And yeah, maybe it's jarring if you haven't heard it before. Hard Rain (official greatest song ever written by a human being, from a short list of half a dozen) is initially unrecognisable, not because you can't hear the words – I swear I heard every word, even of the songs I frankly didn't know like High Water – but because the Dalek-style delivery is so weird that I found myself thinking "hmm.....don't know this one...is there a Dylan song which involves asking questions to a blue-eyed boy?" But it forces you to attend to every word, to follow him through the labyrinth of imagery as if you've never heard it before. There's a sense of release and climax when we finally get to "and-I'll-KNOW-my-song-WELL-before-I-start-singingggggg".

I'll know my song well.... There is applause. He does. We do.

It would have been too absurd for him to talk in between the songs. I really can't conceive of him saying "Hello Cardiff. Thank you for turning out tonight. Here's a song from my latest album." But it's just such a plain lie to say that he doesn't connect with the audience. Every smile, wink, grin, tip of the hat – every time he taps he left hand on his thigh in rhythm with his harp, every time he continues to beat out a rhythm on the keyboard with one hand while half dancing with his spare leg – makes a connection. There's an elation here that makes me feel he's happier than he's ever been; that the addled gravelly bluesman dancing his way through old numbers is the person he's always wanted to be. There's a deliberately rough edged tin pan alley feel to the band; as if he wants us to feel that we're sitting in on a jam session or knocking back the Jack Daniels at an informal hootenanny. He's more comfortable with the newer songs, certainly: there's detail and nuance in Trying To Get To Heaven Before They Close the Door and Things Have Changed which rather slips away when he gets back to the keyboard for the Highway 61 Revisited. 

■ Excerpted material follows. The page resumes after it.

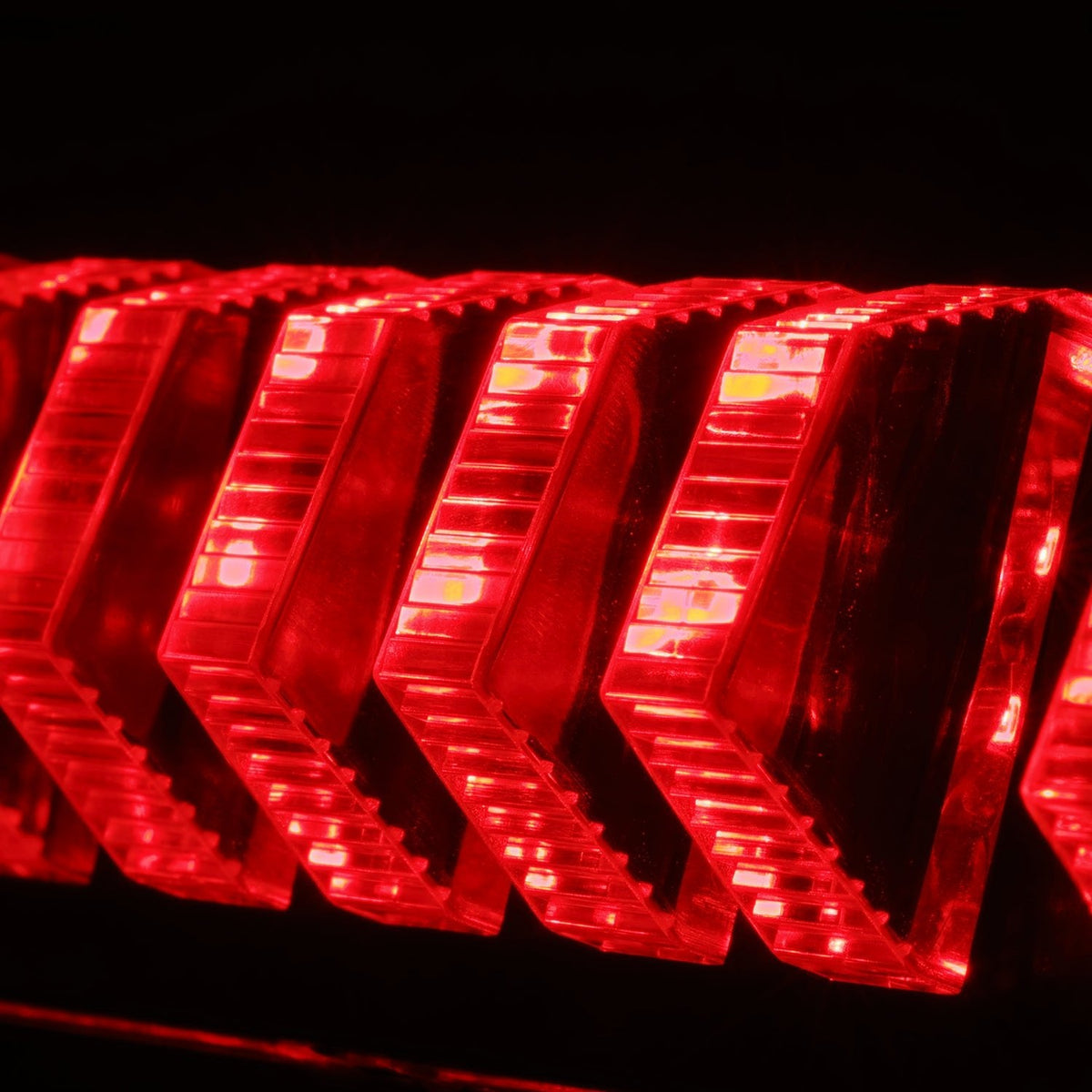 AlphaRex 220080 16-23 Toyota Tacoma LUXX-Series LED 3rd Brake Light Black Smoke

Bristol's foremost citizen folk journalist wondered if there was an irony in that wink – a sense that he's been told we want to hear those old songs, so he's humouring us, putting them in quotation marks? I wondered if  the whole slightly mannered body language saying "You want me to be a performing monkey, and I tell you what – I'm happy being a performing monkey." Is this a legend who simply refuses to be an icon?

Did we catch him on an exceptionally good day? Bob did a full length set – he noticed that the young lady had a brand new leopard skin pill box hat at 9PM and didn't finish wondering how it felt to be on your own with no direction home until well after 10.30. Which makes me wonder where the idea of the Mark Knopfler support set came from? I wonder if His Bobness doubts his ability to do a full set every night, and is doing a double-handed tour so that the audience aren't short changed if he has an off day? Has he got some system of resting his voice between gigs so that he's been cured of the  "How mmmm mmm mmmm man mmmm down" syndrome? Or was the sound mix simply better in Cardiff than it was when I heard him in Sheffield a couple of years back? There were a couple of numbers (Summer Nights, in particular) where the band went into a completely over the top freak out mode but Bob's voice never seemed to disappear into that improvised back yard racket?

Or has it actually always been like this? Have those of us lucky enough to get somewhere near the front always felt that we've made a connection with a vibrant, fun and instantly likable rock and roll personality – but anyone further back felt they'd heard some quite interesting reworkings of mostly obscure Dylan songs? (Anyone who doesn't know his catalogue inside out is going to be lost, of course.) Which makes his insistence that there can't be any screens seems all the more perverse. Assuming that the never ending tour is never going to end, one almost wishes he could give up on stadia and limit himself to smaller venues, however much harder it might become to get tickets.

Is this tour, or some tour, being filmed as a documentary? I overwhelming feel that this Dylan, the live Dylan, the showman Dylan who uses his voice as a musical instrument, one component in what is a actually a consummate piece of musical theater is the real Dylan, the one Robert Zimmerman has always wanted to be, and it needs to be preserved for posterity.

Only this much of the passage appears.